> _DATASET EXTRACT_:
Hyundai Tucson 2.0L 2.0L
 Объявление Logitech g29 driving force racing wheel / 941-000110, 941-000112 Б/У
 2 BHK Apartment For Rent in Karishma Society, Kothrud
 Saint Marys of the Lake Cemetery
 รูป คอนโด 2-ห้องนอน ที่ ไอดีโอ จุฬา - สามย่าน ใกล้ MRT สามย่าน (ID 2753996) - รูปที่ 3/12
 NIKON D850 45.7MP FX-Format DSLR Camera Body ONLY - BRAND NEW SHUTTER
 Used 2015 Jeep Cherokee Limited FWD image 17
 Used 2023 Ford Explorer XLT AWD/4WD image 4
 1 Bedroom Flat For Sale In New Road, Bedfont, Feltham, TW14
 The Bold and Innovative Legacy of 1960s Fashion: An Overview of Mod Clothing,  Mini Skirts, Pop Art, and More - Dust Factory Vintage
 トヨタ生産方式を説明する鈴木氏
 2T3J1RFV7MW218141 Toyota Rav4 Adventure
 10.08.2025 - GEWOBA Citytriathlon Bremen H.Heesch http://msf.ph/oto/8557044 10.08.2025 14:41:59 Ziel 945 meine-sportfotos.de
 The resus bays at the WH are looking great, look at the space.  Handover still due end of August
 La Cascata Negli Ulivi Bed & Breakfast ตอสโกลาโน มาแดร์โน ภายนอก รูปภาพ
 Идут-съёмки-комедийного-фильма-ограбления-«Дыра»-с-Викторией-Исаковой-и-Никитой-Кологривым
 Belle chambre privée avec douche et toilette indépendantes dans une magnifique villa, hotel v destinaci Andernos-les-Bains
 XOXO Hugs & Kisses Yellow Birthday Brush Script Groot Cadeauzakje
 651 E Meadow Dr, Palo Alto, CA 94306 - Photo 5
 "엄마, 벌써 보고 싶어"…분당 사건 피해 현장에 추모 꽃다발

> _BRIEF_:
Copy from the line with "10.08.2025 - GEWOBA" to the final line of the records, inclusive, and add nothing else.

> _EXERCISE RESULT_:
 10.08.2025 - GEWOBA Citytriathlon Bremen H.Heesch http://msf.ph/oto/8557044 10.08.2025 14:41:59 Ziel 945 meine-sportfotos.de
 The resus bays at the WH are looking great, look at the space.  Handover still due end of August
 La Cascata Negli Ulivi Bed & Breakfast ตอสโกลาโน มาแดร์โน ภายนอก รูปภาพ
 Идут-съёмки-комедийного-фильма-ограбления-«Дыра»-с-Викторией-Исаковой-и-Никитой-Кологривым
 Belle chambre privée avec douche et toilette indépendantes dans une magnifique villa, hotel v destinaci Andernos-les-Bains
 XOXO Hugs & Kisses Yellow Birthday Brush Script Groot Cadeauzakje
 651 E Meadow Dr, Palo Alto, CA 94306 - Photo 5
 "엄마, 벌써 보고 싶어"…분당 사건 피해 현장에 추모 꽃다발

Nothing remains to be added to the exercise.